# Burnout 3



## McMurphy (Jun 16, 2007)

Has or is anyone playing Burnout 3 for the Playstation 2?  I see that reviews for it are incredible, the game quite cheap, and that EA still has the online server for the game up and running.


----------



## Rawled Demha (Jun 16, 2007)

3 was takedown wasnt it? 

see now, for playability, burnout 2oint of impact was the best for me - it was jus soo smooth, with very few interruptions. the later versions improved on the graphics but sacrificed the gameplay - 

3 was alright, but i preferred 2. i couldnt go back to it, tho, cos the graphics were so much better on 3, but the crummy aftertouch effect was a little too much for me - i jus wanted to get back to the racing.

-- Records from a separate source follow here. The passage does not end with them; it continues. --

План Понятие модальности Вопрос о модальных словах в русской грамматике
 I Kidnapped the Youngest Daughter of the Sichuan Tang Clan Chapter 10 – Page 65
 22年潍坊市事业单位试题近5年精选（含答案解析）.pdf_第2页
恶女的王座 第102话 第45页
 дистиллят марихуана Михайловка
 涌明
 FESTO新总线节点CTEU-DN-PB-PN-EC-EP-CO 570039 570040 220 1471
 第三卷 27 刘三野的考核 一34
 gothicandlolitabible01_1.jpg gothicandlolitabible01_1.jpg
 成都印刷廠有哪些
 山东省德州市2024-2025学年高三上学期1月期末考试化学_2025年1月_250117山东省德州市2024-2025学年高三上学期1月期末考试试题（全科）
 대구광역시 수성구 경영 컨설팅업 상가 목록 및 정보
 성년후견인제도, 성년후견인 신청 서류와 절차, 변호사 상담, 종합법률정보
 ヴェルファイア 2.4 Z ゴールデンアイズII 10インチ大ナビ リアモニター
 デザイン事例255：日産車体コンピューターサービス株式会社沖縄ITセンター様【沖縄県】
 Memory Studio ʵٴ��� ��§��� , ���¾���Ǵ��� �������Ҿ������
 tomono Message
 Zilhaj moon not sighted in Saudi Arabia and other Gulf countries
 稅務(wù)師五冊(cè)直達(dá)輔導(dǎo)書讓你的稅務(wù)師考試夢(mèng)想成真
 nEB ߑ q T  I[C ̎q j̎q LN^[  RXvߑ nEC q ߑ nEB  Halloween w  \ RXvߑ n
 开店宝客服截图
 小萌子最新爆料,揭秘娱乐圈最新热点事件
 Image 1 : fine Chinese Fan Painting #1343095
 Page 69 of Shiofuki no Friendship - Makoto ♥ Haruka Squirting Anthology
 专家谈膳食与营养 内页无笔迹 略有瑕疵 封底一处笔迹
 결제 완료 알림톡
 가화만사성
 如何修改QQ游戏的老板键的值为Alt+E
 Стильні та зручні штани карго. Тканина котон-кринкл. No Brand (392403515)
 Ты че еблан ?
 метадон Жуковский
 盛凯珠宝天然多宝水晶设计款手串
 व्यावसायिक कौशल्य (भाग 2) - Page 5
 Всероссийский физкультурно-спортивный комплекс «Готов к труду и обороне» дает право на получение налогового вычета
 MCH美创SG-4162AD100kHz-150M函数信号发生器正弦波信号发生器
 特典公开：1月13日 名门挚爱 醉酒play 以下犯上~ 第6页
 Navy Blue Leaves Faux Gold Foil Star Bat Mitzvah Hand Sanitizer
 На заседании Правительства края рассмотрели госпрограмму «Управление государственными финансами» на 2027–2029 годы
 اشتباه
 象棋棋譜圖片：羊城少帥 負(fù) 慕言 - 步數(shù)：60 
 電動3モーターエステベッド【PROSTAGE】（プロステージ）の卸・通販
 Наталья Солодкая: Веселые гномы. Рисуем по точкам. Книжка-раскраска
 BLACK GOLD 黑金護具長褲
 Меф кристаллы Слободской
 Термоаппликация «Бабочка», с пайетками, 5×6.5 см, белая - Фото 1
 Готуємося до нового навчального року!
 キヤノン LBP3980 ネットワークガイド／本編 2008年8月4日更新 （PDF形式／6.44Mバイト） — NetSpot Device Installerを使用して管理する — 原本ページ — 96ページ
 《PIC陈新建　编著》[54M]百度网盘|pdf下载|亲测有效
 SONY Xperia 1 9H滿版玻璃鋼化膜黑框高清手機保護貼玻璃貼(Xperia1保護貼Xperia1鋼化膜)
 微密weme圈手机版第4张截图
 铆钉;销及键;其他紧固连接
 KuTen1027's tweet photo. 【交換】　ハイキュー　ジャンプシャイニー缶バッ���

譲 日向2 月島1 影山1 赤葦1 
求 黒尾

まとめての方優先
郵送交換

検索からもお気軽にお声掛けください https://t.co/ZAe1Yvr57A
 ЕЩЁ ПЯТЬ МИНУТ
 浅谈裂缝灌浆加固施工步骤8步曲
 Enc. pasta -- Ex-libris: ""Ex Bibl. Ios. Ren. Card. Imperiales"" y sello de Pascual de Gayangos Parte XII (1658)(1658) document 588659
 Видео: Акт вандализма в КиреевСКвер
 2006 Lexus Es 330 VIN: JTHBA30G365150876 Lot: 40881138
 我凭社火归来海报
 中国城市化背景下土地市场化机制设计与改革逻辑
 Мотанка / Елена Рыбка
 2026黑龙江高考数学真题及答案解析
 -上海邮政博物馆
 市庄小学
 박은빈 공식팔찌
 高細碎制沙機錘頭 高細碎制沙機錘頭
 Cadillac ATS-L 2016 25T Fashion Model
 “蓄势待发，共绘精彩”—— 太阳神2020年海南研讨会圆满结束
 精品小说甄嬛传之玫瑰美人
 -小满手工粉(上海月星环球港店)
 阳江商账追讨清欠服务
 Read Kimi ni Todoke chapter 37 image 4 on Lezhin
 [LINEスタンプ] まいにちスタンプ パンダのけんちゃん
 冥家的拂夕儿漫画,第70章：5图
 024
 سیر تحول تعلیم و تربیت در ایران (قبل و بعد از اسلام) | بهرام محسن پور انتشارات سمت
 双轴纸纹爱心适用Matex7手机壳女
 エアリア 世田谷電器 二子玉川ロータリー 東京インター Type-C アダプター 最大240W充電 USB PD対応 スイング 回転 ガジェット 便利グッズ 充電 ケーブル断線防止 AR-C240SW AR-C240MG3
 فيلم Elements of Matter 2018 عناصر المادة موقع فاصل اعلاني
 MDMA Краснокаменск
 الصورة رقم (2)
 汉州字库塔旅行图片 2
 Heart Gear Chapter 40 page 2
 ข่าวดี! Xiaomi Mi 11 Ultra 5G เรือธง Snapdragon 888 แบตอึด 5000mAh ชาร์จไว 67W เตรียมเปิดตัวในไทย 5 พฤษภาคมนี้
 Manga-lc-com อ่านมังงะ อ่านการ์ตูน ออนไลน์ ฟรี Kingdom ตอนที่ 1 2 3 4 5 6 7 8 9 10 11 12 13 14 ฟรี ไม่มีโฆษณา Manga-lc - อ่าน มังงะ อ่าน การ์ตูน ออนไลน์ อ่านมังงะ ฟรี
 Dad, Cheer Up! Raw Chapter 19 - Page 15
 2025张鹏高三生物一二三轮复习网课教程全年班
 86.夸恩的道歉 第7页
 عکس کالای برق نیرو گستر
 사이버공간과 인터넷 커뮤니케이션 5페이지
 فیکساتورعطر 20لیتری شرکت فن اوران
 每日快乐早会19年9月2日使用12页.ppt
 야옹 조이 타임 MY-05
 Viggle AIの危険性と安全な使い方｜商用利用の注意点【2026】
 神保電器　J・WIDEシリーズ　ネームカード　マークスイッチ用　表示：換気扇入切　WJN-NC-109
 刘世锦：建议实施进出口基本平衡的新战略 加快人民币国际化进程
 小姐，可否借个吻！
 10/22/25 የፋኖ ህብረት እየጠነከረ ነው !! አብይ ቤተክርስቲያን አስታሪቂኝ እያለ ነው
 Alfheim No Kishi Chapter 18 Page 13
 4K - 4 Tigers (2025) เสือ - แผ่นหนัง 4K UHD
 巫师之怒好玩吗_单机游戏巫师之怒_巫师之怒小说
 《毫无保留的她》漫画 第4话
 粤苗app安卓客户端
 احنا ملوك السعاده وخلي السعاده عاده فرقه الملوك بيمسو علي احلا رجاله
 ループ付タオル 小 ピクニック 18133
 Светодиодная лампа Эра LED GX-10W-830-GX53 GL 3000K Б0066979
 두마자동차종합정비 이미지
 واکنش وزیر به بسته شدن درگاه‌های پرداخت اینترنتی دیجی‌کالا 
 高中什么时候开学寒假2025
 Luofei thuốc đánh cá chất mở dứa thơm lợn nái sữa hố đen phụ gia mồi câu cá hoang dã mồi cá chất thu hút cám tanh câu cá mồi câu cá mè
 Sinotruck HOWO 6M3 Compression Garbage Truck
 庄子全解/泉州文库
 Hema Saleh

in the same way, 4:revenge was alright, but it still didnt touch 2 for playability. the aftertouch did come in handy for vendettas tho... i never bought it tho...i dont think i ever saw it on ps2, only played it on 360.


----------



## McMurphy (Jun 16, 2007)

Yeah, I saw the other chapters on sale, but, since I have not played the franchise before, I went entirely by reviews.  I was really interested to hear if other people were playing the game because the server allows people all over the world to play with each other rather than, for instance, keeping American players within their own country borders.


----------